Bitcoin is like zero, India’s gift to the world. It allows human beings to do things we couldn’t do before. It allows us to evolve.
Every ZebPay employee is encouraged to personally invest in Bitcoin. Why? As Rahul says, “You shouldn’t work at a restaurant if you don’t like the food”. Besides, investing in Bitcoin is not just buying an asset that may have value in the future. It’s more like investing in the future—in all the inventions and freedoms which Bitcoin can make possible. The Bitcoin future, if you will.
Why shouldn’t every Indian have a bit of Bitcoin for the future?

World-changing new ideas are an old Indian tradition. Nothing could be more Indian than a new and better form of wealth like Bitcoin.
Indians invented zero.
Indians invented steel in the 6th century BCE, known as wookku in Tamil.
India won its independence by inventing a new weapon for defeating empires: satyagraha.
Mahatma Gandhi coined the word.

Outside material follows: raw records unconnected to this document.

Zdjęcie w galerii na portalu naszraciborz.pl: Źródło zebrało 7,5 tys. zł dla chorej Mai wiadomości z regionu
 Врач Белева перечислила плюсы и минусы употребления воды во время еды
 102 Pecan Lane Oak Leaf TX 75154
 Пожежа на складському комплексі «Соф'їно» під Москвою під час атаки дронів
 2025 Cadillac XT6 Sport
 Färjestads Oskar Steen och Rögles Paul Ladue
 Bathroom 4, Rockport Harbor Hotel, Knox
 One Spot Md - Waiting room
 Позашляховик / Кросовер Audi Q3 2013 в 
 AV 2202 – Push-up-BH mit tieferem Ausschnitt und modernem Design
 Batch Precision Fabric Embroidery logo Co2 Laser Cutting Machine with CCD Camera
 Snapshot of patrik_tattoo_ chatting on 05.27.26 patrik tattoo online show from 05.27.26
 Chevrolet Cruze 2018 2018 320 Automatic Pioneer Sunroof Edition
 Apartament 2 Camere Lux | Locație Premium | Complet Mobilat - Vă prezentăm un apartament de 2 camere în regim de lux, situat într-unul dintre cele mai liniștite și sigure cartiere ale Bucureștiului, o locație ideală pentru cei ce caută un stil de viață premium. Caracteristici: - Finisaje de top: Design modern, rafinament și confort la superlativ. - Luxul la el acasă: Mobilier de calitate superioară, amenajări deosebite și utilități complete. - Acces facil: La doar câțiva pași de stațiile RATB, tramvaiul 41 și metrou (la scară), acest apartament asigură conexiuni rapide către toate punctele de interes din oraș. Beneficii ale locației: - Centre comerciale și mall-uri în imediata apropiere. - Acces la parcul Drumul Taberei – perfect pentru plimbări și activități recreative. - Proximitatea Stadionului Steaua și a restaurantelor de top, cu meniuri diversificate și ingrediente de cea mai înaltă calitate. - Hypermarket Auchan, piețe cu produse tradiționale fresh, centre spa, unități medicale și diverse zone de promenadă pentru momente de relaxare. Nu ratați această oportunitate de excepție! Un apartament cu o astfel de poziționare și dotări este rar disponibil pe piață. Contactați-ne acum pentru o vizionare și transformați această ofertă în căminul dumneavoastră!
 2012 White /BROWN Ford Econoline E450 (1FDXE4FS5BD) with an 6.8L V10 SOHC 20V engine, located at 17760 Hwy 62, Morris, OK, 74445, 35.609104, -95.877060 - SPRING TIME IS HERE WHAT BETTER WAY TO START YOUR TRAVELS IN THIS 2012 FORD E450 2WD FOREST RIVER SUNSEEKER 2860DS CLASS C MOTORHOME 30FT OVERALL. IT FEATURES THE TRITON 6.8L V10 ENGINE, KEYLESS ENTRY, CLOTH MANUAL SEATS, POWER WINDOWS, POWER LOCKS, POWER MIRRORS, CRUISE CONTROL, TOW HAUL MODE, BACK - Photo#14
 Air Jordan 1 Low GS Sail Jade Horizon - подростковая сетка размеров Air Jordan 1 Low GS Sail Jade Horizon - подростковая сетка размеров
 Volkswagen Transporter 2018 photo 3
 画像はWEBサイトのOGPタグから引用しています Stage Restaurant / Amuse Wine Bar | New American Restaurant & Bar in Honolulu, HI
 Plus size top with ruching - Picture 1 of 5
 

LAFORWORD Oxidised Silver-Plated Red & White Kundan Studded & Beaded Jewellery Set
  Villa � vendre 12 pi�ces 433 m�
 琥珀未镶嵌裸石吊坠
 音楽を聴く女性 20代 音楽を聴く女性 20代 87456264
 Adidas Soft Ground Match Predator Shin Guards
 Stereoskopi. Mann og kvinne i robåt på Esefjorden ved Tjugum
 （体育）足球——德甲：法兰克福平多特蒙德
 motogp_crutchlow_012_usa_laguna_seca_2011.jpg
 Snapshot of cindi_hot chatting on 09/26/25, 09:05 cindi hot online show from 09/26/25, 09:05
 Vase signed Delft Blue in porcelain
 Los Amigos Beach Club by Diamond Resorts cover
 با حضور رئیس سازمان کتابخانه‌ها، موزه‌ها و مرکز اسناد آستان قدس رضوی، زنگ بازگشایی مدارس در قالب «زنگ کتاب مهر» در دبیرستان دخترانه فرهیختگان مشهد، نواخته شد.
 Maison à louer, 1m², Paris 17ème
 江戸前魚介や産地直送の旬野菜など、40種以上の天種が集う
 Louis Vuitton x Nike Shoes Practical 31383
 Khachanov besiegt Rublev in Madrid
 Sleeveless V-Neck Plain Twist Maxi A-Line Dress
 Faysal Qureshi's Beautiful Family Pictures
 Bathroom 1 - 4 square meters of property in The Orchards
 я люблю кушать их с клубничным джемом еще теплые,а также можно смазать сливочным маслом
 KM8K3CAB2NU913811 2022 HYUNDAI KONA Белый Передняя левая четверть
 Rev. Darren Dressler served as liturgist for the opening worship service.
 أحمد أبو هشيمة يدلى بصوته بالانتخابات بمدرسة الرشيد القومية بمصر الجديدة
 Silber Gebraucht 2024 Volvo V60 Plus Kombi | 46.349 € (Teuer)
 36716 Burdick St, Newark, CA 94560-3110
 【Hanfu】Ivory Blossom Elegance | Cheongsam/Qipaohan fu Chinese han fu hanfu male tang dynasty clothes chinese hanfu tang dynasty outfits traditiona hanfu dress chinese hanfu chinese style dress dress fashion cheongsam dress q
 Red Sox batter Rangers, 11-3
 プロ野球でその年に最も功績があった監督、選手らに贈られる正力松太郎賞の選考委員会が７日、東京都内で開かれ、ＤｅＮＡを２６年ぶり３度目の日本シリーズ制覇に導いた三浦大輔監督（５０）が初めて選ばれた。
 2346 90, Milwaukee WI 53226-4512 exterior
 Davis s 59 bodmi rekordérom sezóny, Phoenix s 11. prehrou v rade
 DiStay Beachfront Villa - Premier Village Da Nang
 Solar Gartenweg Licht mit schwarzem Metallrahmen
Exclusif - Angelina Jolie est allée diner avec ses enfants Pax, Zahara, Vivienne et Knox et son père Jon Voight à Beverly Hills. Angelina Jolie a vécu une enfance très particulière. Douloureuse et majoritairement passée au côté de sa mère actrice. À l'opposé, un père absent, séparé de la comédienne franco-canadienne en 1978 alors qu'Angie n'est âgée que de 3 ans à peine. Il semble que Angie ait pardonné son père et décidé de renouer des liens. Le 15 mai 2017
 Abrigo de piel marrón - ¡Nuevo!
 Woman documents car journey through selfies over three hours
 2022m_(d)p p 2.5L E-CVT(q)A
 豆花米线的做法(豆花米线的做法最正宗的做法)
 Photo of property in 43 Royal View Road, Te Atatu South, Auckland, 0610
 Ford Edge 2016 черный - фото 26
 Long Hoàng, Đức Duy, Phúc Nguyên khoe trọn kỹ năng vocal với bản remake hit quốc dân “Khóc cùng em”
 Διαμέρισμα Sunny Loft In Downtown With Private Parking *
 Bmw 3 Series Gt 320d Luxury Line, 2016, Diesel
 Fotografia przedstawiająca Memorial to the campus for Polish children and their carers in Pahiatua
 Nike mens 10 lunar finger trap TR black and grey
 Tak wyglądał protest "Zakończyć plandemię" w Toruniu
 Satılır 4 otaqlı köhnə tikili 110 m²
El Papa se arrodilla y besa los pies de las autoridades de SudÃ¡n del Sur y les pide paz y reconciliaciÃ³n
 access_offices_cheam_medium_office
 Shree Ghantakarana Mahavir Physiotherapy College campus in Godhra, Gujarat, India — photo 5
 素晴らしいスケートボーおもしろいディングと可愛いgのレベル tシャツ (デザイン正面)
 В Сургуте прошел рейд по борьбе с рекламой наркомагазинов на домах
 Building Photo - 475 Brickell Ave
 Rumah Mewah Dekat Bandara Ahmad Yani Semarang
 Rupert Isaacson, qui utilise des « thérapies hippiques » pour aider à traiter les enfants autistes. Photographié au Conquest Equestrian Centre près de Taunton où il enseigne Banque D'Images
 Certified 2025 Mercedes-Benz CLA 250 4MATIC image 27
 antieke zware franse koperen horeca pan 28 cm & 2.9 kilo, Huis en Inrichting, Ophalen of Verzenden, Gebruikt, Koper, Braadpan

It means “holding firmly to the truth”: the truth that democracy is our birthright, that no one has the right to control and exploit another, that nonviolence can defeat violence (if you use it properly).
While the world chased the atomic bomb, India invented a way to end war and proved that it works. The old order had Hiroshima. India had the Salt March.
When the world most needed it, Indians invented a nonviolent way to overthrow bad governments and start stable new democracies. And do it with style.
Why shouldn’t India welcome a financial satyagraha?
Bitcoin is a pretty desi concept, if you think about it. No one group can control it. Everyone has to agree (mostly). The process is a little confusing and can even seem jugaad until you understand it. And its origins are almost mystical. We’re not saying that Satoshi Nakamoto is actually Indian and her real name is Santhoshi Nagamuthu. But it wouldn’t be that crazy, would it?
1 crore & 1.3 billion

When Rahul talks about ZebPay’s mission to prepare for the rise of Bitcoin’s value to 1 crore, he always ties it to the other half of our mission:
We must make Bitcoin easily available to all 1.3 billion Indians.
One of Bitcoin’s great innovations is that it is inflation-proof. Inflation takes wealth from the poor and middle class, silently, secretly, and shifts it to the wealthy few. Much the way the British Empire drained India’s wealth for centuries. Inflation is a machine for creating poverty.
Gandhiji often said, “Poverty is the worst form of violence”. Bitcoin offers a nonviolent way of storing, exchanging, and creating wealth.
Bitcoin is satyagraha. With it we can hold firm to the truth that the wealth you produce by your sweat and creativity must not be stolen from you by inflation and financial engineering. That each of us has equal value no matter what a bank or government might say. That we are, without needing anyone’s permission to be, free.